Set down each line of the data exactly, but not the pictures.

::: INFORMATION PROVIDED :::

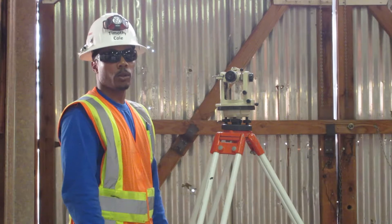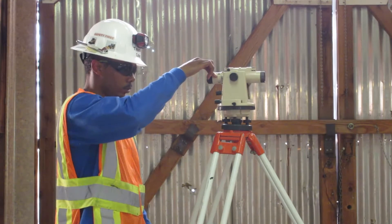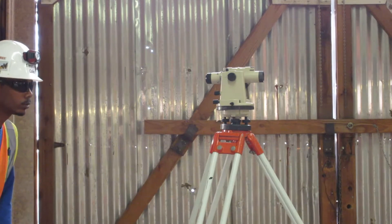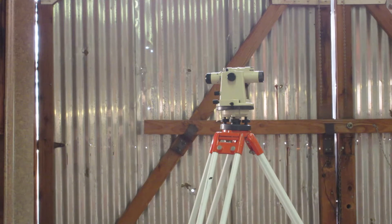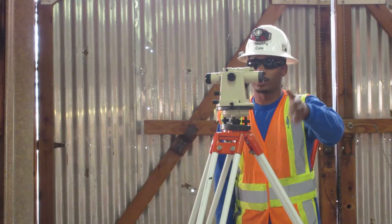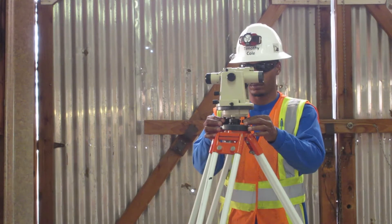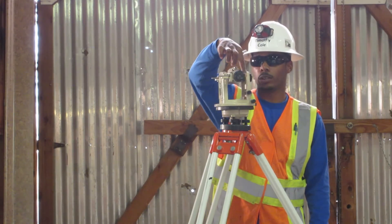Perfect. Next, I'm going to turn the scope over to the last set of adjusting wheels. I'm going to loosen the side the bubble is on, tighten the other side until level. The bubble is on this side, so I'm going to loosen this side, tighten this side until level. Perfect. Now any way I turn this scope, it is level.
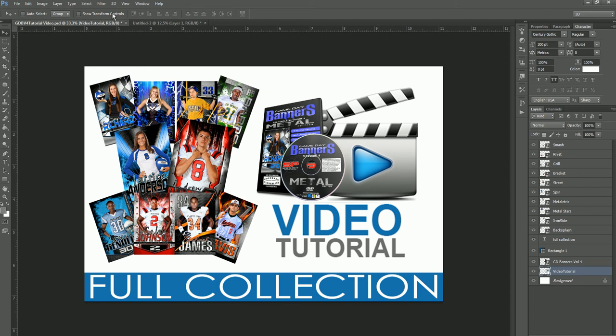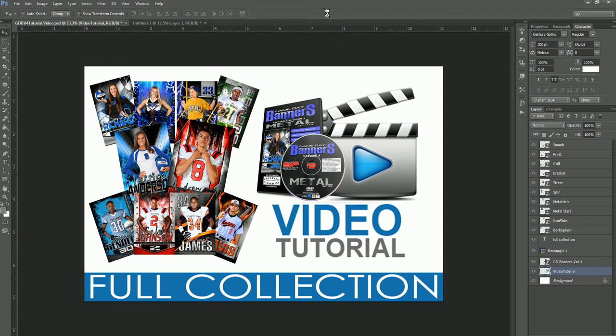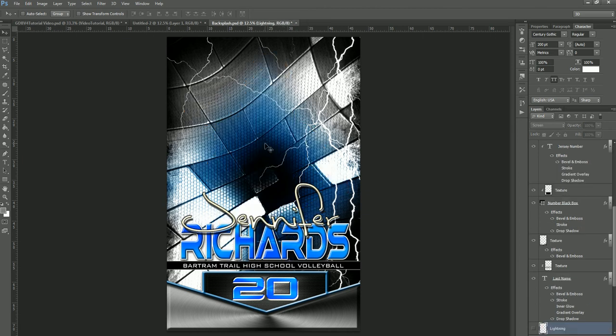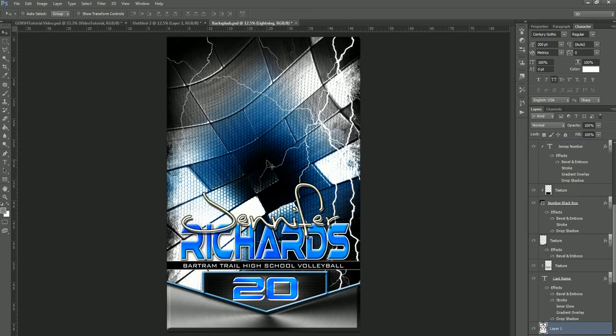So to get started, let's go down the line and talk about each one of these. The first thing we're going to open up is Backsplash — that is the number one template in the packet. As you can see, it opens up with a sample player on it, giving you the ability to print this as a sample and give it to a prospective client or show it off to a league or high school. So let's get rid of this player image and drag in one that we've already extracted and drop that in.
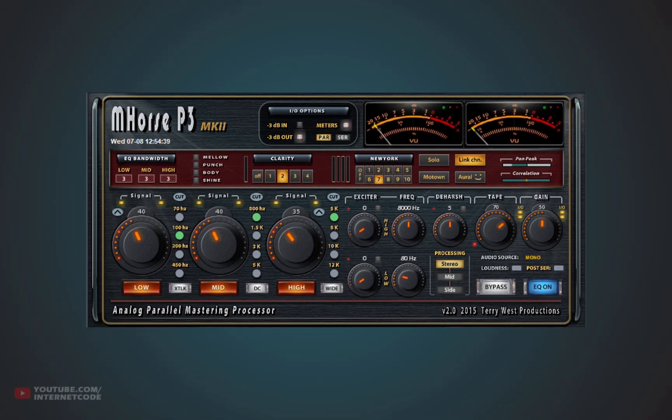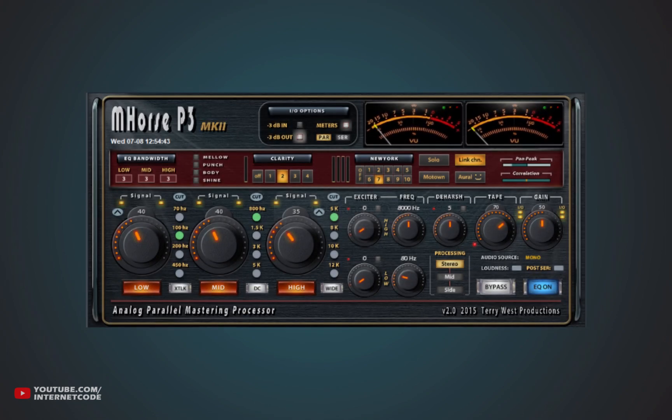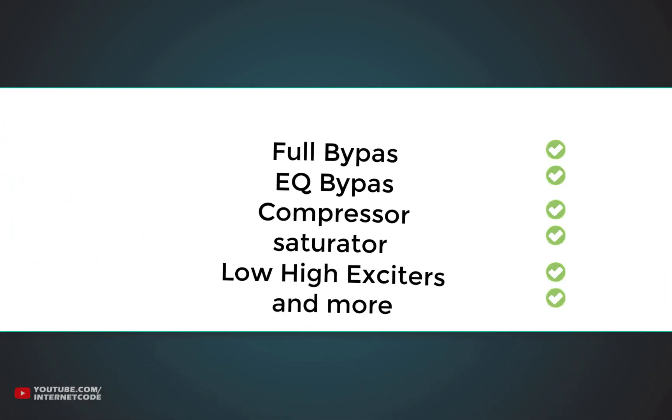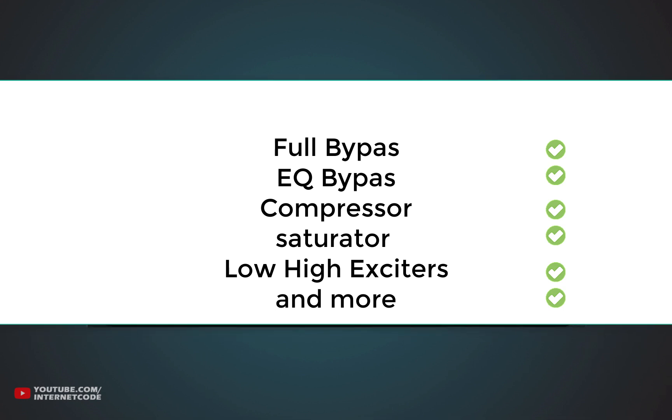Hey guys, today we have one free mastering VST plugin. It is mHorse P3 by Terry Western Productions. It's an analog parallel mastering processor. It has really cool features like full bypass, EQ bypass, and compressor, saturator,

:::

> **RESULT**
Perfect. Next, I'm going to turn the scope over to the last set of adjusting wheels. I'm going to loosen the side the bubble is on, tighten the other side until level. The bubble is on this side, so I'm going to loosen this side, tighten this side until level. Perfect. Now any way I turn this scope, it is level.
So to get started, let's go down the line and talk about each one of these. The first thing we're going to open up is Backsplash — that is the number one template in the packet. As you can see, it opens up with a sample player on it, giving you the ability to print this as a sample and give it to a prospective client or show it off to a league or high school. So let's get rid of this player image and drag in one that we've already extracted and drop that in.
Hey guys, today we have one free mastering VST plugin. It is mHorse P3 by Terry Western Productions. It's an analog parallel mastering processor. It has really cool features like full bypass, EQ bypass, and compressor, saturator,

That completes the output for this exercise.